Buildings have existed at this site for centuries, possibly back to Visigothic times according to the excavations conducted in 1991. A Roman road (ruins of which remain today) passed nearby, connecting Zaragoza and Berdún (in the municipality of Canal de Berdún) to Béarn (France), through the 1,970 meter pass at Puerto de Palo.
In 833, Galindo Garcés (Count of Aragon between 833 and 844) and his wife Guldegrut made donations to build a monastery here. Zechariah became the first abbot, and organized the monastery in accordance with the rules set in 816 in a synod held in Aachen, inspired by the rule of Metz Crodegando.
In 852, the traveling monk and scholar Eulogius of Córdoba wrote Guilesino of Pamplona about the splendor of the monastery and its library.
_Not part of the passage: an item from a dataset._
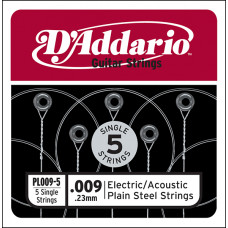 PL009-5 Plain Steel Отдельная стальная струна без обмотки 009, 5шт, D`Addario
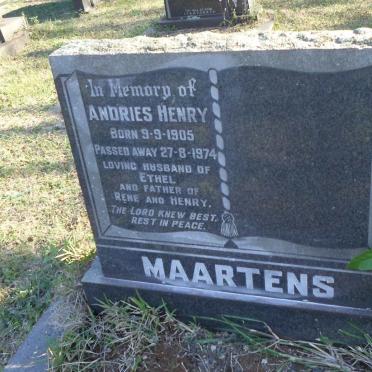 MAARTENS Andries Henry 1905-1974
Eulogius found and copied Greco-Roman manuscripts there which had been lost in his home Caliphate of Cordoba, including an Aeneid, Latin poetry of Horace and Juvenal, fables by Aviano and The City of God by Augustine of Hippo.
A donation completed in 864 granted the monastery all the valley lands between Javierregay (now the town of Puente la Reina de Jaca) to the site of Water Eye, in the Pyrenees, which includes the Subordán Aragon river, today in the municipality of Anso. In the year of his death Galindo Aznárez I (Galindo Garcés' successor, Count of Aragon between 844 and 867) gave the monastery the town of Hecho, head of the valley, as well as dozens of vineyards, cultivated fields and the town of Surba.